Not only did I use this project based style of learning improve my own skills but I managed to inspire others in the process. What a blessing! There’s no better motivation than that.

When I stopped writing that blog, guess what? I found it hard to create images, my drive to create completely disappeared. I tried haphazardly but felt lost without direction. And not always because I was stuck for ideas, but because I often had too many that I had no clue where to start.

And that’s when I realised that the only way I can personally create, or really achieve anything, is by using a project structure. Now there’s been plenty of studies into why project based learning is a preferable style of teaching so I won’t cover the nitty gritty of that. I just know that through my own personal experiences it’s absolutely what works for me. But I also strongly suspect it’s the reason so many photographers drop the ball. So often I hear photographers saying they’ve lost their mojo or are taking lengthy breaks or that life got in the way. And it got me thinking.

Other craftspeople use projects. Knitters make scarves, musicians write songs, authors write books, illustrators draw pictures, sculptors make structures. They all have an end goal they work towards that produces tangible results. Yet photographers so rarely do. We often treat it like a passive hobby, taking our camera with us on excursions and coming home with photos of what we discovered. And while an excursion in itself is a kind of project, if we don’t have definitive things to capture and a way to share or use those results, then eventually photography starts to become kind of pointless. If we came home with one perfect photo, maybe that would make it worthwhile but instead we come home with many, mostly useless photos that clutter up our hard drive. And alas, we lose interest and let other things take priority.
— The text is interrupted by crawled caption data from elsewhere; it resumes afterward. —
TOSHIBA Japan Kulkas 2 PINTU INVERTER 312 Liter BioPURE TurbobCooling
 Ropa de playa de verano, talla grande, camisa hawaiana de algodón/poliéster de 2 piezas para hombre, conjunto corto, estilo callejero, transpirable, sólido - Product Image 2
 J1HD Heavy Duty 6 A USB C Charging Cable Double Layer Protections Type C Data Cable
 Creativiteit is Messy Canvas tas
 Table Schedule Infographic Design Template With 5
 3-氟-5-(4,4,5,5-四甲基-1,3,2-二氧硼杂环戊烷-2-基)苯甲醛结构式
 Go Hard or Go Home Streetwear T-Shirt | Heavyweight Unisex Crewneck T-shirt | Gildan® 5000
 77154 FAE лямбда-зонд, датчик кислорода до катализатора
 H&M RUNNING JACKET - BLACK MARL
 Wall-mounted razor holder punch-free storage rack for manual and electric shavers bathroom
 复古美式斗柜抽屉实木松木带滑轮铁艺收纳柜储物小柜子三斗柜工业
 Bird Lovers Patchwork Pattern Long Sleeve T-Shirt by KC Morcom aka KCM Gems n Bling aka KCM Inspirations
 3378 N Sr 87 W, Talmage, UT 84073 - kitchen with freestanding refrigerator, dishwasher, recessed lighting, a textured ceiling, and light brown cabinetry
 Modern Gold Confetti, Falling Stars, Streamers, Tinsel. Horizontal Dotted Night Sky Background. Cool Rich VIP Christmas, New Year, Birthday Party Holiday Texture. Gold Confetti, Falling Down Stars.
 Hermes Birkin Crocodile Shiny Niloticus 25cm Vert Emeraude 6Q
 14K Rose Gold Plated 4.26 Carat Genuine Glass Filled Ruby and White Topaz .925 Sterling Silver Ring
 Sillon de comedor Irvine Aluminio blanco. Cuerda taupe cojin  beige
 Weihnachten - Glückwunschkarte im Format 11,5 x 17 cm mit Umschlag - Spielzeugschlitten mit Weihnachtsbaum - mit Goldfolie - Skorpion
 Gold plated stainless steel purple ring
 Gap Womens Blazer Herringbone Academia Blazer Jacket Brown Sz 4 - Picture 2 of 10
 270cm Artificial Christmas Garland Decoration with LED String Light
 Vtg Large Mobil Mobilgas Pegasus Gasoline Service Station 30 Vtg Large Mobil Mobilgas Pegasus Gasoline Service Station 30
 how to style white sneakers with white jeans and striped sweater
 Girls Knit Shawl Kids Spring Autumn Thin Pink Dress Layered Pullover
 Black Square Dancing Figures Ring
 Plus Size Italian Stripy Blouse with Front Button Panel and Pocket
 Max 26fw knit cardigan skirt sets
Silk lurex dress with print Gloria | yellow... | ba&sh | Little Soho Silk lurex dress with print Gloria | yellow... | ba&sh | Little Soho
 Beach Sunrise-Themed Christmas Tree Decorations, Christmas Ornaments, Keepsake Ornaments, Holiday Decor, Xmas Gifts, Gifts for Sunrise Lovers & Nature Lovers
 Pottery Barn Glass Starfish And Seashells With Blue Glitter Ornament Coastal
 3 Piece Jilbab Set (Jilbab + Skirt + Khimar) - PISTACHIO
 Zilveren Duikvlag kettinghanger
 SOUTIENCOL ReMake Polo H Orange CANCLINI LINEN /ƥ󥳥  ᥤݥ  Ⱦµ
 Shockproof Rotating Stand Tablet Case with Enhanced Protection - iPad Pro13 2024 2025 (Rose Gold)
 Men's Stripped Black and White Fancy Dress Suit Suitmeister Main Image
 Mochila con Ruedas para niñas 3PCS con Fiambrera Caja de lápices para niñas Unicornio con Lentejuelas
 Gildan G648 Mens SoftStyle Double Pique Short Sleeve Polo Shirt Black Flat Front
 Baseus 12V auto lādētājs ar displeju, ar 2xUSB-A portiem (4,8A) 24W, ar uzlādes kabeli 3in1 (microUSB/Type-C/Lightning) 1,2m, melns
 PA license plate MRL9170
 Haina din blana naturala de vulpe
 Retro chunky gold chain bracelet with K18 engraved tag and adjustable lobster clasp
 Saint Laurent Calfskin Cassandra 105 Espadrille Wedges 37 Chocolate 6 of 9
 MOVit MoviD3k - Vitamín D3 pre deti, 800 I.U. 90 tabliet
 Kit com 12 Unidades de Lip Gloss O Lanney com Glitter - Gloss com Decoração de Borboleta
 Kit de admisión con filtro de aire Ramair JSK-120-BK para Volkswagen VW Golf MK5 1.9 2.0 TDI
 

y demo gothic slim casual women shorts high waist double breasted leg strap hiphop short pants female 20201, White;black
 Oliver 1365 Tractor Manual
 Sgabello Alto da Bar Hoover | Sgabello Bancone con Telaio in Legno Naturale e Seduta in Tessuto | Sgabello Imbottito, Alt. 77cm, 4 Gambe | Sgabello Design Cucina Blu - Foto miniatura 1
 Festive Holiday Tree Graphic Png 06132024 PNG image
And this is why I began working on my photography membership, Creative Photo Folk. I knew that for me to achieve consistently I needed projects and so I thought, well maybe other photographers would benefit from capturing fun little projects too? It would help them improve their skills, build a portfolio and teach them the benefits of goal setting. And I knew that even if my membership wasn’t a success, at least I’d become a better photographer in the process of creating it.

So I made a list of all the creative projects I could think of, researched how to shoot them all, and set about photographing each one, writing tutorials as I went. And once again, I became super productive. My portfolio expanded rapidly, I was creating and selling artworks again. All while crafting content to help other photographers.

So if you struggle with motivation, do a project. I personally like to assess where I need to improve and work on that specifically but if you’re not sure, try a 12 month or 52 week project. I do however caution against 365 projects. Over the years I’ve watched several people attempt them and while some have been successful, I’ve also seen many more reach the end of the project and disappear, never to be heard from again because they turned photography into a hateful chore.

Whatever you choose, please be kind to yourself. My photo blog started off weekly and dropped down to fortnightly and no one ever minded. There’s absolutely no reason to beat yourself up if you need downtime and miss a week or two. It’s your quest. You make the rules.

Within Creative Photo Folk we do fortnightly challenges around projects, rather than themes, and the rules are quite loose. I don’t ever want anyone to feel like they’ve failed. I set challenges purely to keep members accountable and give them an opportunity to build their portfolios.

If you’re struggled with consistency in the past, a project just might be the key to keep you picking up your camera. So give it a go!